Father Allan Young found not guilty of shaken baby death

Allan Young statement: ""There are no winners in this case or in relation to what happened to Michael"

A father has been cleared of the manslaughter of his son, 16 years after shaking the boy as a newborn baby.

Allan Young, 36, lived with his partner in Belsize Road, north-west London, when he shook five-week-old Michael Winn in April 1998, the jury heard.

Michael died in 2011 but Young, of Glasgow Road, Wishaw, north Lanarkshire, was acquitted of manslaughter at the Old Bailey.

After the verdict, he questioned if the prosecution was in the public interest.


The 12-year time period between the initial shaking of baby Michael in 1998 and his death is believed to be the longest ever gap between an assault and a death leading to a prosecution for manslaughter in English legal history.

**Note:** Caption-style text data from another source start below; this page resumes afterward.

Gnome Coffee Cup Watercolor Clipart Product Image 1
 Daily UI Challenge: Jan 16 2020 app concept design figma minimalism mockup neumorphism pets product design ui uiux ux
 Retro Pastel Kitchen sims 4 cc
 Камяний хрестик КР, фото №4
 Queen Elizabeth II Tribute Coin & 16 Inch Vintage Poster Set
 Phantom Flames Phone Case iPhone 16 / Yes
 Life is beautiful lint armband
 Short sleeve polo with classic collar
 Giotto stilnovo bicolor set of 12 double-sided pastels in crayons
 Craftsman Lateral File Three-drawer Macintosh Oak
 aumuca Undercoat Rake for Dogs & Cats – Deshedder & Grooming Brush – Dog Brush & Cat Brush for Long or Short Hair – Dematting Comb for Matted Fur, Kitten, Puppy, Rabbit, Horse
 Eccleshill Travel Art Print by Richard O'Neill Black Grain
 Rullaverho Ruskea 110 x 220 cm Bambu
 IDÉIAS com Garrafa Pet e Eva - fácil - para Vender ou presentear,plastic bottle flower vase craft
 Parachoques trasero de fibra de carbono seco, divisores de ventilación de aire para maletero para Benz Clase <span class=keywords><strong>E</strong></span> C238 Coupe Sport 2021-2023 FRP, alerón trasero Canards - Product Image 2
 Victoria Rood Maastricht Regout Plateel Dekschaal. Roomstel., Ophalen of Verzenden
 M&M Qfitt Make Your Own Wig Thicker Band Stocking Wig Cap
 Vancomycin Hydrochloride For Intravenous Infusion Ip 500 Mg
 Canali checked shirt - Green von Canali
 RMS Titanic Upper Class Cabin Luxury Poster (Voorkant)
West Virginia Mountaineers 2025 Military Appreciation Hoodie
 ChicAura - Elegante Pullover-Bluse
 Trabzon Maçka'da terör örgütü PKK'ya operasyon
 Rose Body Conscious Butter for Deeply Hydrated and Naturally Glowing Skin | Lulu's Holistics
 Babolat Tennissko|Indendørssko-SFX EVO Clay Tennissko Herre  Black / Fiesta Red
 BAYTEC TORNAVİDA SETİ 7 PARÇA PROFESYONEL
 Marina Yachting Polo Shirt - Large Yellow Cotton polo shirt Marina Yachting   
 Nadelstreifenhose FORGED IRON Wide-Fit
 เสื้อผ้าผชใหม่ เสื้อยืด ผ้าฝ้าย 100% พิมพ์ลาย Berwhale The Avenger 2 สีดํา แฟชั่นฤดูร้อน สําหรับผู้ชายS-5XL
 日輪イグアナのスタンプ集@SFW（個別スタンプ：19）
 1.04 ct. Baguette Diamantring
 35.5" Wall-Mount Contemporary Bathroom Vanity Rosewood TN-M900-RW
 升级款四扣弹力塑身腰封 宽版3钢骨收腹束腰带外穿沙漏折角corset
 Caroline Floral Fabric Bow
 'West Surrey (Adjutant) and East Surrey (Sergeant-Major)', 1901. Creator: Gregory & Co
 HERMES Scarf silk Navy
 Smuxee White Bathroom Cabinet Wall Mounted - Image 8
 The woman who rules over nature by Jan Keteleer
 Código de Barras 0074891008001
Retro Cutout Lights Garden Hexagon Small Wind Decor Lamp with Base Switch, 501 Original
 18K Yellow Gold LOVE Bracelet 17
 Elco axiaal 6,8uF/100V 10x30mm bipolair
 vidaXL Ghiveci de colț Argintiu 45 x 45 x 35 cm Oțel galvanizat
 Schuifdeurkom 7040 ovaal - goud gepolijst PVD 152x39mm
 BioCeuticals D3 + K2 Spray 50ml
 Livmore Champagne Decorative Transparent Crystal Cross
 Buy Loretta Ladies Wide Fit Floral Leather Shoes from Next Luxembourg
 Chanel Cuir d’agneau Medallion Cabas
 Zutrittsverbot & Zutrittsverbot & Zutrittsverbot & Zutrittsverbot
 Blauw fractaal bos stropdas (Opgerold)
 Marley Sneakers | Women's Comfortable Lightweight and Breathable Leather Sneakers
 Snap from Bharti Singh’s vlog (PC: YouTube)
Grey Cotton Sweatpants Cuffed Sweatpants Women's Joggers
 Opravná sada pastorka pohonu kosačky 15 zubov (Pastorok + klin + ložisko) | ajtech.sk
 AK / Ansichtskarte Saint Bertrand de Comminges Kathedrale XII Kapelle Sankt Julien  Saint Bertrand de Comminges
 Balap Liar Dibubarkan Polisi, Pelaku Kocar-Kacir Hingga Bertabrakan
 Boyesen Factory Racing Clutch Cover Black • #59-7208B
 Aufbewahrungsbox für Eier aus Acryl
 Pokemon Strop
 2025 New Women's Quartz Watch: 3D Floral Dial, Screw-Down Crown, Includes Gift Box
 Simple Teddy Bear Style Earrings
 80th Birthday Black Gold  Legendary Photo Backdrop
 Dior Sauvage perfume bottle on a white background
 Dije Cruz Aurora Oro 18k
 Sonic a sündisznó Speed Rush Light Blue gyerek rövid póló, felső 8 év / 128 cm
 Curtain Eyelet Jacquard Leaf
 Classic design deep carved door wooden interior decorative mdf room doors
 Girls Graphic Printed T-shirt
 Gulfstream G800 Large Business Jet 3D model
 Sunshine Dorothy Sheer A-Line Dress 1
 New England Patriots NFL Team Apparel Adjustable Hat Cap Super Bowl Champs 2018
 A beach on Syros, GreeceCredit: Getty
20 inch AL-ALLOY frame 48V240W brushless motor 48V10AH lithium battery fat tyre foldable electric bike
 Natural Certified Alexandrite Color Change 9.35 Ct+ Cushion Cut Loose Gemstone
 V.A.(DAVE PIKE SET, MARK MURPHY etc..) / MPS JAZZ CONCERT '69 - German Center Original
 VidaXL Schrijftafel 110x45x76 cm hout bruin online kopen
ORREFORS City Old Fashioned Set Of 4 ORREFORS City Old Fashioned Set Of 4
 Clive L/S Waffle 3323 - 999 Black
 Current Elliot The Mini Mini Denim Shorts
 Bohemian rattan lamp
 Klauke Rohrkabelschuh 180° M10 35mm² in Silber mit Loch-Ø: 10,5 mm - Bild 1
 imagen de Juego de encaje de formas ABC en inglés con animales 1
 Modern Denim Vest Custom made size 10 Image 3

While we have become used to prosecutions in cases of historical sexual abuse taking place decades after the abuse happened, a prosecution for manslaughter after a gap of more than 12 years is truly exceptional.

Until 1996 there was a rule, known as the "year and a day rule", in homicide cases which meant that a person could not be prosecuted for murder or manslaughter more than a year and a day after the assault on the victim.

It was presumed that the assault had not caused the victim's death if they survived for more than a year.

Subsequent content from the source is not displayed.